Big cities don't have designated fallout shelters
In 1961, around the height of the Cold War, the US launched the Community Fallout Shelter Program, which designated safe places to hide after a nuclear attack in cities across the country. Most shelters were on the upper floors of high-rise buildings, so they were meant to protect people only from radiation and not the blast itself.
Cities were responsible for stocking those shelters with food and sanitation and medical supplies paid for by the federal government. By the time funding for the program ran out in the 1970s, New York City had designated 18,000 fallout shelters to protect up to 11 million people.

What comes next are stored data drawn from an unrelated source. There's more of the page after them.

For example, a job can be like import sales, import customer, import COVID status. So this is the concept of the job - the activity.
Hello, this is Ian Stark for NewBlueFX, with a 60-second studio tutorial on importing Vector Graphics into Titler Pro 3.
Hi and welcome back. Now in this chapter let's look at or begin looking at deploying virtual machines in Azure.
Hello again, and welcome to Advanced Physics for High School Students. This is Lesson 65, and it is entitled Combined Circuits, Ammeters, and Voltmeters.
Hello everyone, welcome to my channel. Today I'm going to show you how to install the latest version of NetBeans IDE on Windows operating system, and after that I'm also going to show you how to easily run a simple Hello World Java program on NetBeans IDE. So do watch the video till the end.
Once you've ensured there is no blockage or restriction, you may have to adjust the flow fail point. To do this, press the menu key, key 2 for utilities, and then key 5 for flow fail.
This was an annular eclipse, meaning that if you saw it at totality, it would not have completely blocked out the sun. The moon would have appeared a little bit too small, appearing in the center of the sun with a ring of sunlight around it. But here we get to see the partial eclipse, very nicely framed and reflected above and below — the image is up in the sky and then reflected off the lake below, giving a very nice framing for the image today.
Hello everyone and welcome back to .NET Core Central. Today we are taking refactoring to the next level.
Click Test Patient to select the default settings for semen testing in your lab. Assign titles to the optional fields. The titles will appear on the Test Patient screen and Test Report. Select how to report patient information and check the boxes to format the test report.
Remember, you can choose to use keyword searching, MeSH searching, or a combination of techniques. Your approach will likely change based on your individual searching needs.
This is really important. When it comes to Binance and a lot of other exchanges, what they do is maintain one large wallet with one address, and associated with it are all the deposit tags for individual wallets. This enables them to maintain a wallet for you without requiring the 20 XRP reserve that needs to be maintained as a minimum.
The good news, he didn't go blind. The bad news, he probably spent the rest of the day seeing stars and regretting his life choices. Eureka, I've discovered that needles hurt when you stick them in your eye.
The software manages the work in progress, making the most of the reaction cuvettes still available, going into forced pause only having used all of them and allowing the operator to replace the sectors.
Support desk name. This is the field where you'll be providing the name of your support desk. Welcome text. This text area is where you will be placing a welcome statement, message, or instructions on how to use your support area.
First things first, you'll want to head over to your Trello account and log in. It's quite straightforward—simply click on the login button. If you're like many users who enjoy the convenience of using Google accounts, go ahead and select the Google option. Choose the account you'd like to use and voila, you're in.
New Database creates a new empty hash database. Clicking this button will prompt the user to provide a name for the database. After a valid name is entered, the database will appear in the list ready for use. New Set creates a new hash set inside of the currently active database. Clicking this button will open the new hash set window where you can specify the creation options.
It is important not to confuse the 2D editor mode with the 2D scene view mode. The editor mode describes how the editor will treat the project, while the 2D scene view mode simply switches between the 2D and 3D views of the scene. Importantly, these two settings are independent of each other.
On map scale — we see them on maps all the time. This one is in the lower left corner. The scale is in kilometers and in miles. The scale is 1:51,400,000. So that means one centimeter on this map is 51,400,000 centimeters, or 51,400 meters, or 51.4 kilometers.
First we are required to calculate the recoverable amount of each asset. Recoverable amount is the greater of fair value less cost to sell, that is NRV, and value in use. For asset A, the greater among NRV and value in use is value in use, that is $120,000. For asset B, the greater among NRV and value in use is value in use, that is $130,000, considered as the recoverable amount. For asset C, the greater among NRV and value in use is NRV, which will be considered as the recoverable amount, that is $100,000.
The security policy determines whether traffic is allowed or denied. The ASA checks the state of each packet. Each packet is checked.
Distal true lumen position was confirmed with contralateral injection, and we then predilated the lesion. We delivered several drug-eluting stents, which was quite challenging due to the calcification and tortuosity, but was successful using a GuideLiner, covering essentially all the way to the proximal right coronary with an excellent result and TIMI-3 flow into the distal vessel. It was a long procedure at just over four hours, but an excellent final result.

In 2017, New York City officials began removing the yellow signs that once marked these shelters to avoid the misconception that they were still active.
Redlener said there's a reason the shelters no longer exist: Major cities like New York and San Francisco are in need of more affordable housing, making it difficult for city officials to justify reserving space for food and medical supplies.
"Can you imagine a public official keeping buildings intact for fallout shelters when the real-estate market is so tight?" Redlener said.
'This is part of our 21st-century reality'
Redlener said many city authorities worry that even offering nuclear-explosion response plans might induce panic among residents.
"There's fear among public officials that if they went out and publicly said, 'This is what you need to know in the event of a nuclear attack,' then many people would fear that the mayor knew something that the public did not," he said.
(Photo by Henning Witzel)
But educating the public doesn't have to be scary, Buddemeier said.
"The good news is that 'Get inside, stay inside, stay tuned' still works," he said. "I kind of liken it to 'Stop, drop, and roll.' If your clothes catch on fire, that's what you should do. It doesn't make you afraid of fire, hopefully, but it does allow you the opportunity to take action to save your life."
Both experts agreed that for a city to be prepared for a nuclear attack, it must acknowledge that such an attack is possible — even if the threat is remote.
"This is part of our 21st-century reality," Redlener said. "I've apologized to my children and grandchildren for leaving the world in such a horrible mess, but it is what it is now."